Well I know its a tough one but I'd really appreciate some input maybe another idea how to keep brown algae at bay?


----------



## HeyPK (Jan 23, 2004)

Can we see a picture of the problem algae and of the entire tank?


----------



## john.shephard26 (Mar 8, 2011)

Well, I use to have a lots of brown algae but since I'm using the ceramics-I don't BUT I have now these green spot algae which are indicator of low or none existing phosphates.What I would like to know is:HOW TO ADD PHOSPHATES despite the ceramics since they are the only thing that are keeping away my arch nemesis-the brown algae.And there's no real need of photo since there are couple of green spots that I usually swap every day.


----------



## HeyPK (Jan 23, 2004)

Are these brown algae a type of filamentous algae, or are they a brown covering over everything (possibly diatoms)?


----------



## john.shephard26 (Mar 8, 2011)

Hi I just found these pics, the algae were every were and this is after I actually cleaned my tank!
I'm not sure are they diatoms or something else but I've tried a lots of things to get rid of them but the only thing that helped was to reinsert the anti phosphate ceramics.If its worth mentioning, same time I've started dosing CSM+B dry.My solution had some floating things that strangely resembled those brown algae.


----------



## john.shephard26 (Mar 8, 2011)

Any input please?


----------



## farrenator (Dec 21, 2008)

Those are not diatoms. That looks like a filamentous algae. What type exactly, I don't know. 

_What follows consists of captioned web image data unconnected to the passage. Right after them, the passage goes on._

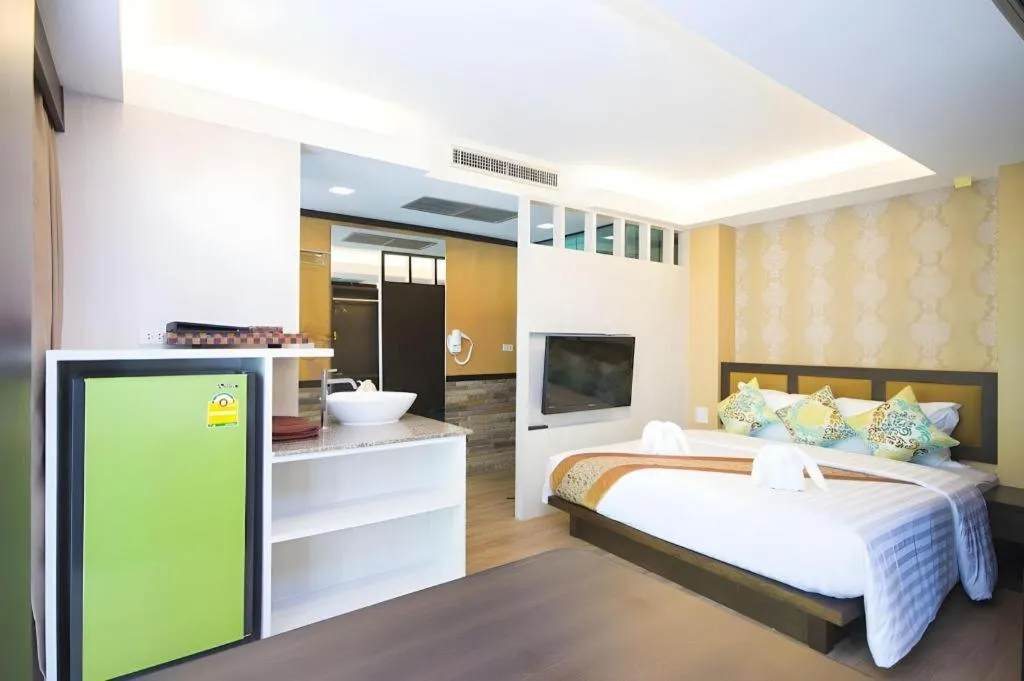 Bed in Phi Phi Nice Beach Hotel Hip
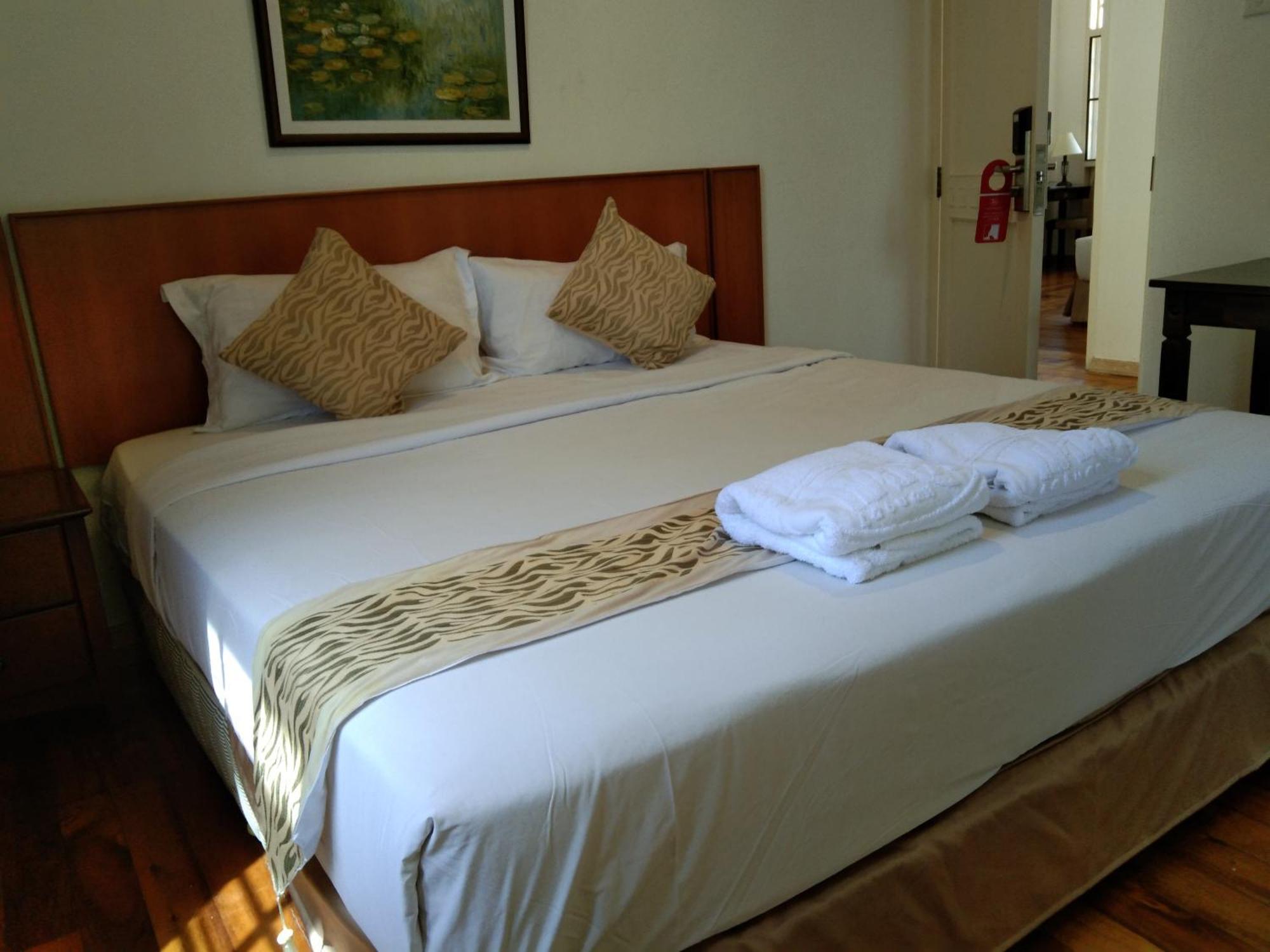 Tiara Labuan Hotel Zewnętrze zdjęcie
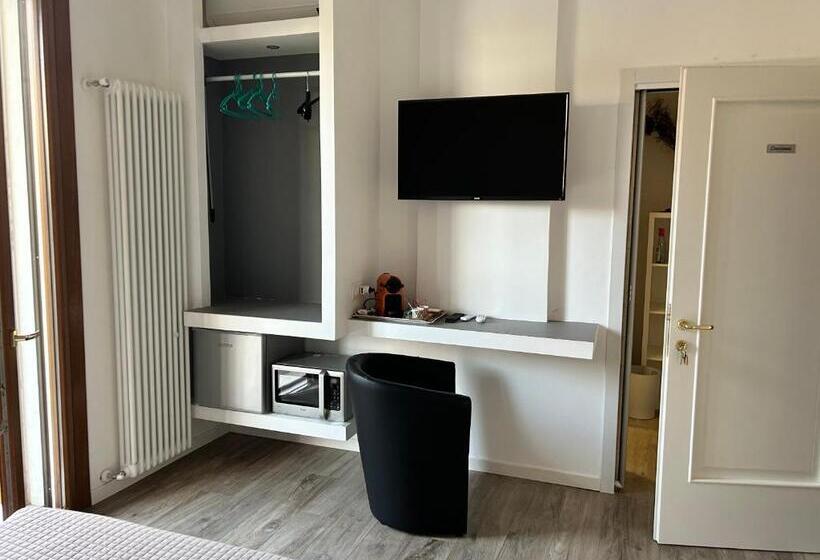 פנסיון Relax & Emozioni Rooms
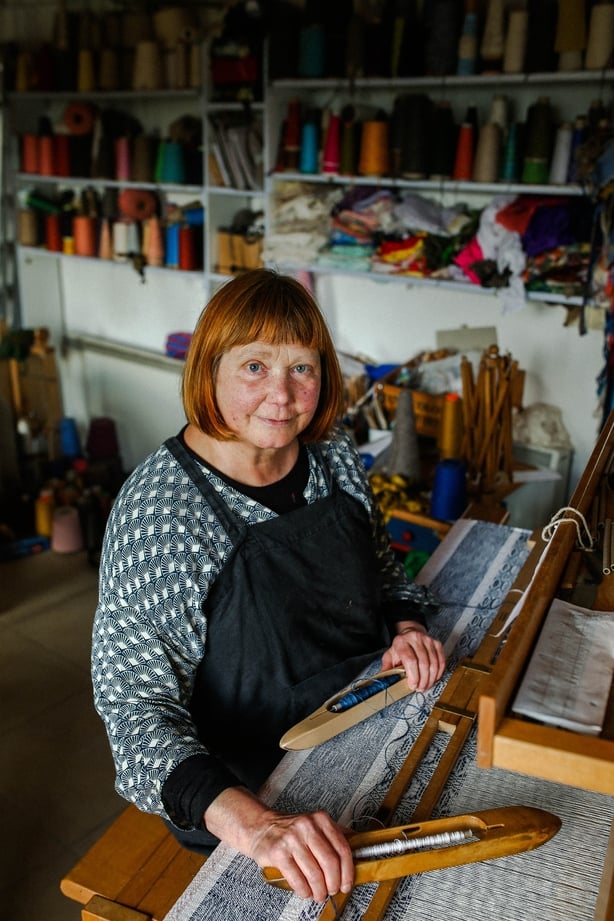 Hand weaver Beth Moran 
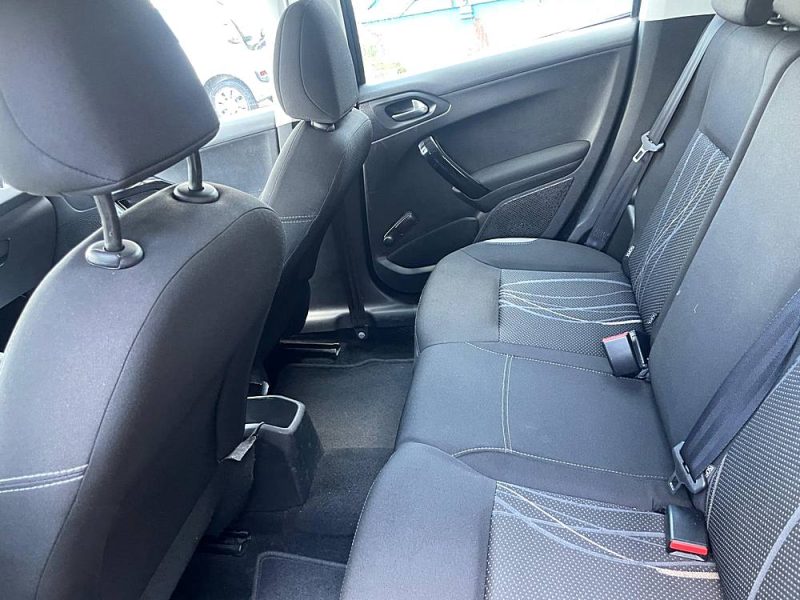 PEUGEOT 208 - 1.2 VTI 82 ACTIVE 5P - GARANTIE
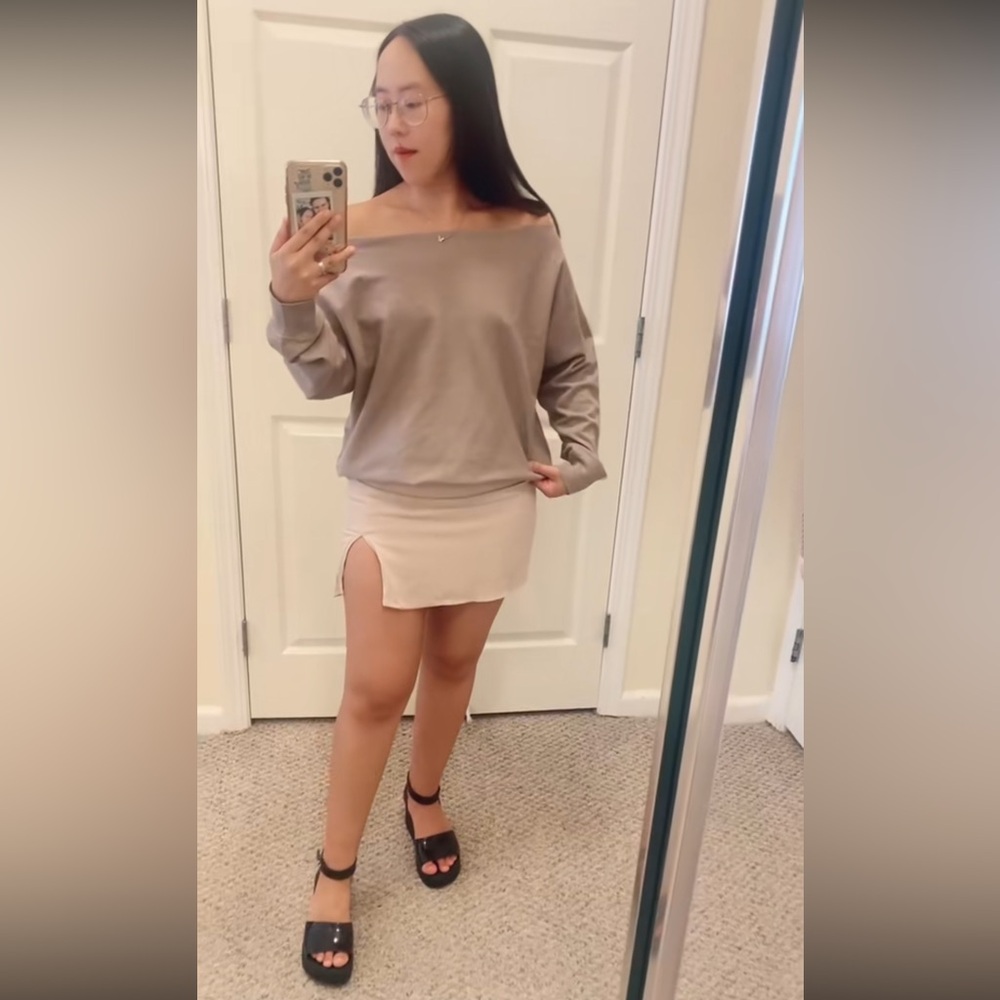 Aritzia mini skirt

Basic filter maintenance goes a long way to helping keep algae at bay. Do you have a lot of built up organic nutrients? When was the last time you cleaned your filter? Canister filters can really accumulate a lot of solids if not cleaned on a regular basis.


----------



## john.shephard26 (Mar 8, 2011)

Finally, someone answered.I have Fluval 204 and I clean it every 1-2 months and my tank is 100l.I don't have very good flow of water (I think) and I have lots of Pogostemon helferi which tends to keep a lots of "garbage" so it has a lots of staghorn and even a bit of blue algae on their leaves which I know its a result of decaying organic ''things'' and build up of ammonia.Is there a way to stop those algae so I can start adding phosphates again?Or should I risk a month or two and remove anti phosphate ceramics, clean my canister more frequently and hope for the best?


----------



## rlswaney73 (Jul 21, 2011)

Do you have a phosphate test kit? API makes one... or you know for sure the water source is high in phosphates? spot treating with excel can help rid your tank of this kind of algae but if you have vals that would not work. Vals normally do not react well to over treatment with excel


----------



## ddavila06 (Jan 31, 2009)

john.shephard26 said:


> Finally, someone answered.I have Fluval 204 and I clean it every 1-2 months and my tank is 100l.I don't have very good flow of water (I think) and I have lots of Pogostemon helferi which tends to keep a lots of "garbage" so it has a lots of staghorn and even a bit of blue algae on their leaves which I know its a result of decaying organic ''things'' and build up of ammonia.Is there a way to stop those algae so I can start adding phosphates again?Or should I risk a month or two and remove anti phosphate ceramics, clean my canister more frequently and hope for the best?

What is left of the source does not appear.